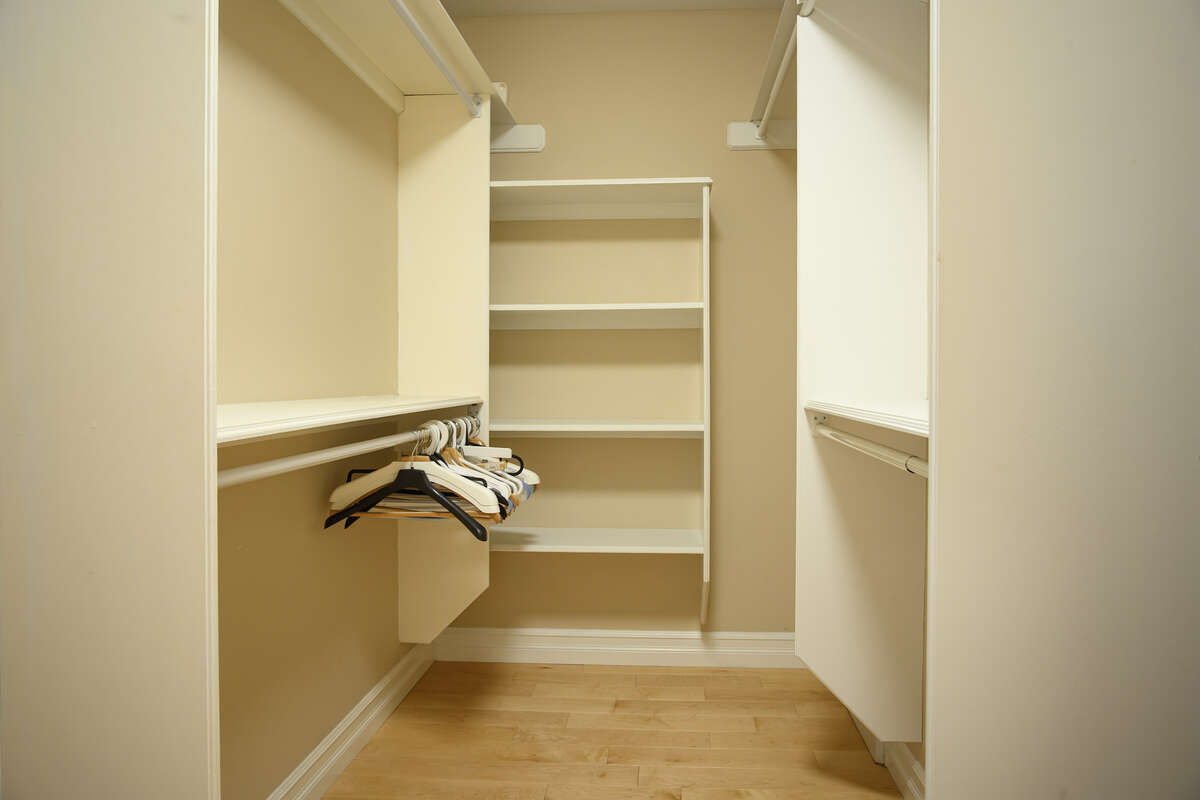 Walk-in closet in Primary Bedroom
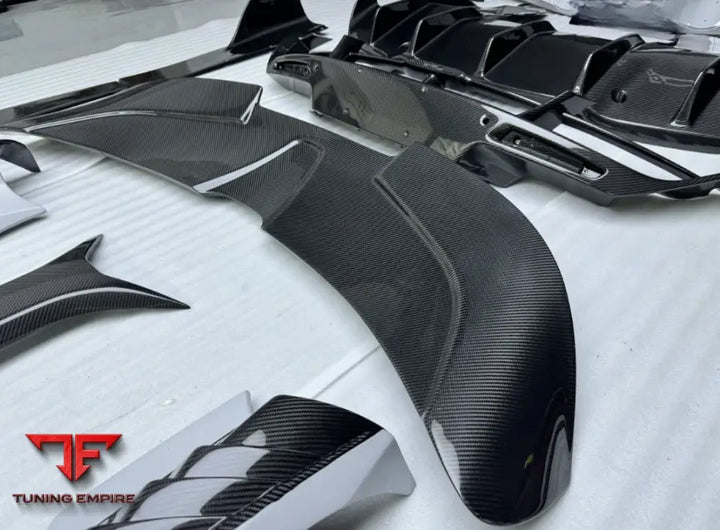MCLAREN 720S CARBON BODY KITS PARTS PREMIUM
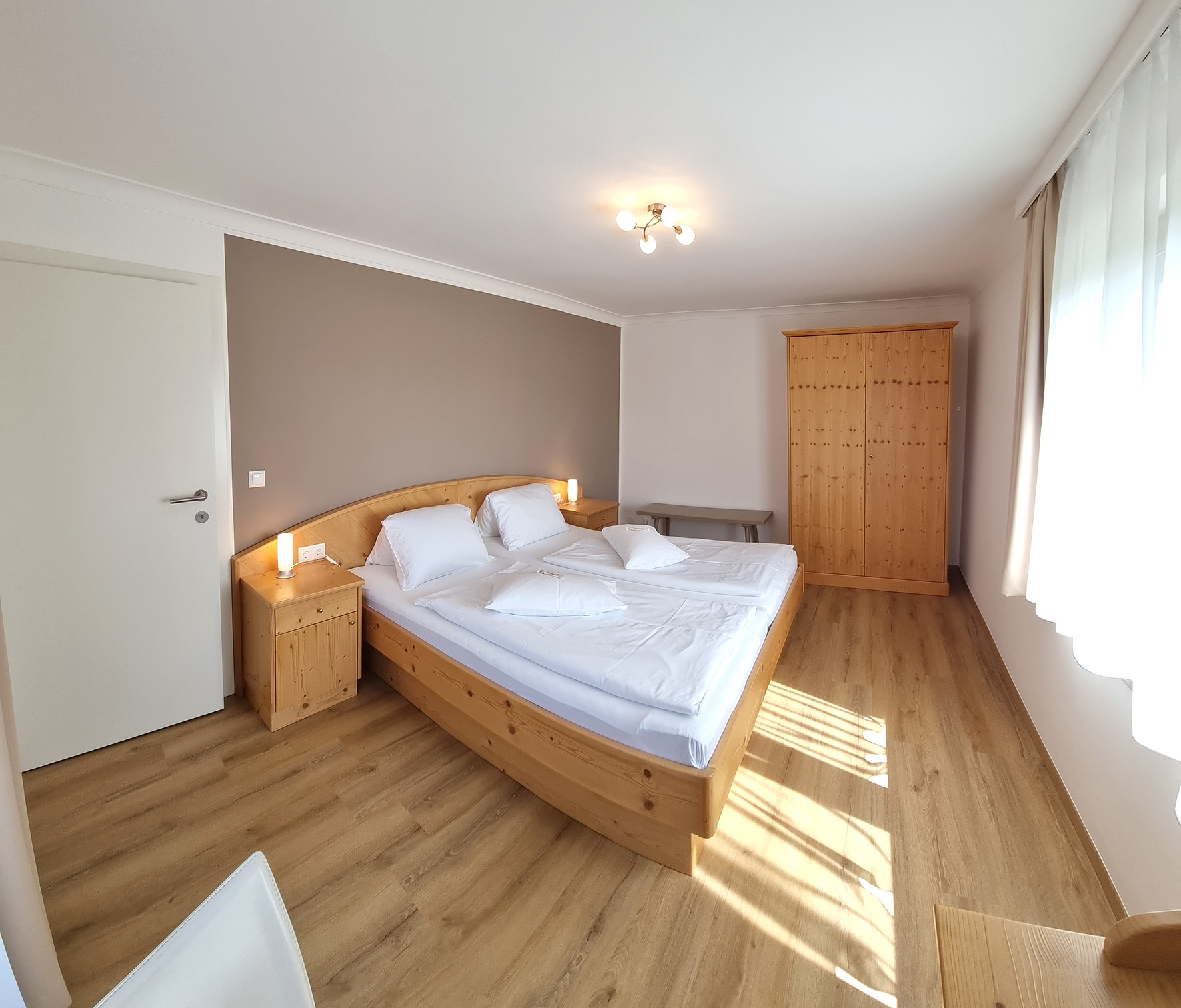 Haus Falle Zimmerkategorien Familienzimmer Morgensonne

+ + +

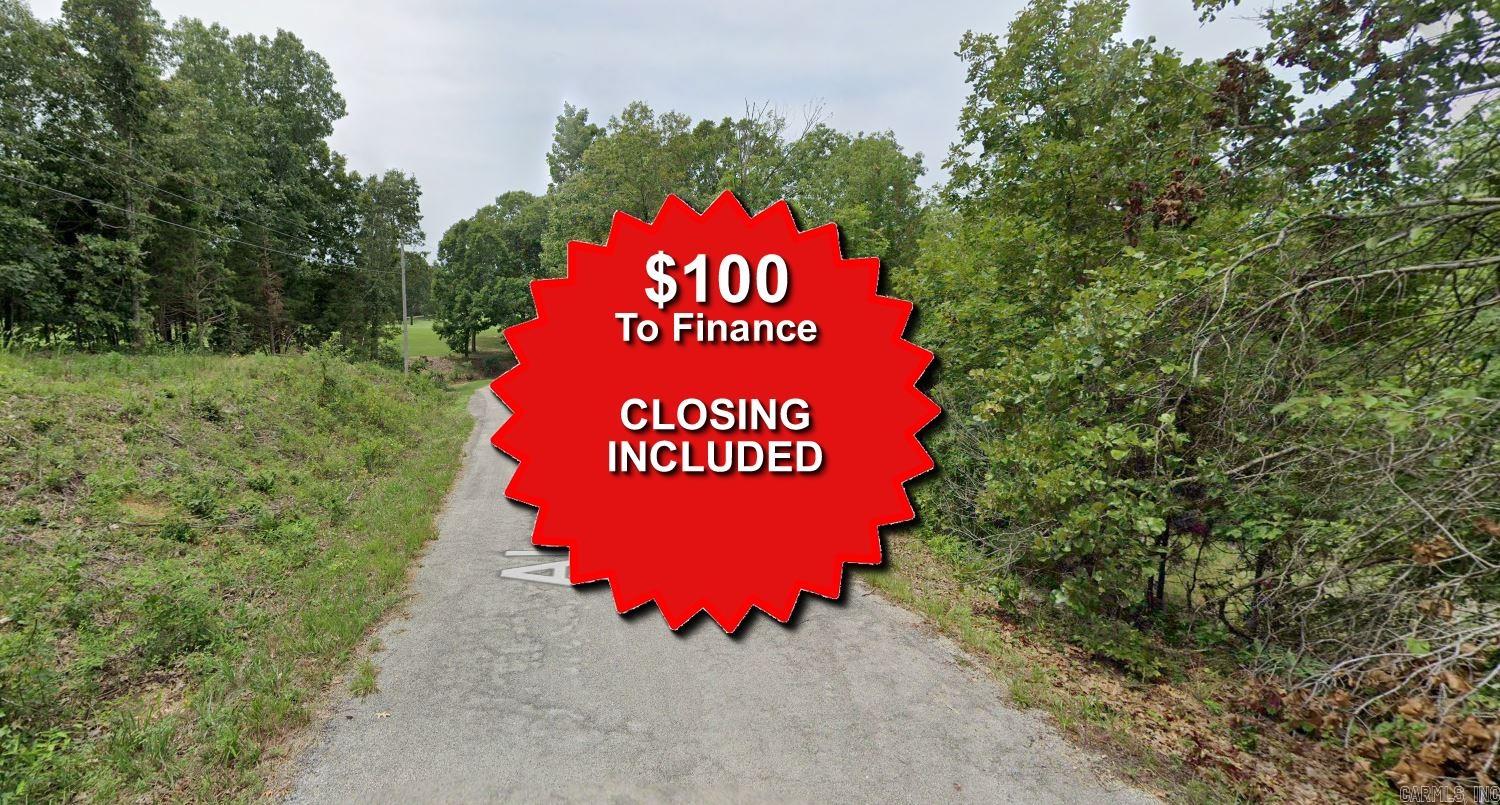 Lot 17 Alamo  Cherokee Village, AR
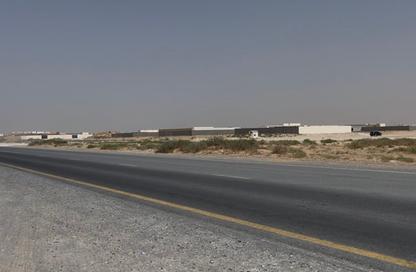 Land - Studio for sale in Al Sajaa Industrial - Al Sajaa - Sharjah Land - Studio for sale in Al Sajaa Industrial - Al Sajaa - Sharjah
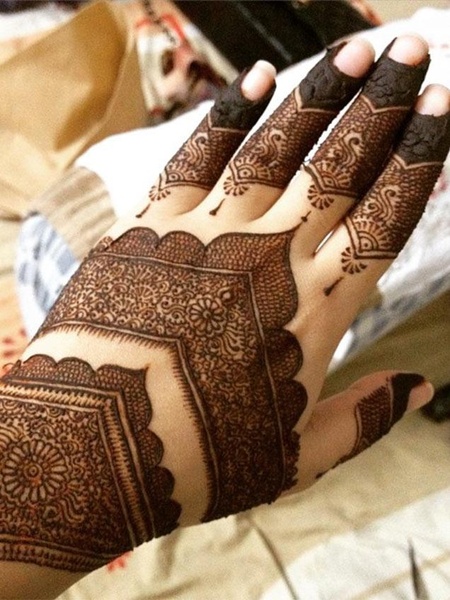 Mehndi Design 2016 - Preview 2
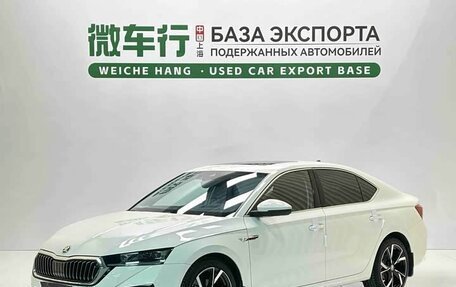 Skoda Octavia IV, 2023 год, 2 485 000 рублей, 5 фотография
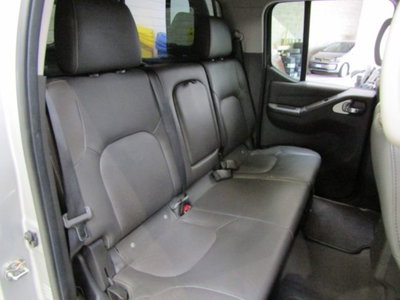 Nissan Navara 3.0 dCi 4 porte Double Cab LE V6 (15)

+ + +

Above, find the line holding "Lot 17 Alamo" and the line holding "Nissan Navara 3.0". Print exactly those two lines and every line between them, but no pictures.

 Lot 17 Alamo  Cherokee Village, AR
 Land - Studio for sale in Al Sajaa Industrial - Al Sajaa - Sharjah Land - Studio for sale in Al Sajaa Industrial - Al Sajaa - Sharjah
 Mehndi Design 2016 - Preview 2
 Skoda Octavia IV, 2023 год, 2 485 000 рублей, 5 фотография
 Nissan Navara 3.0 dCi 4 porte Double Cab LE V6 (15)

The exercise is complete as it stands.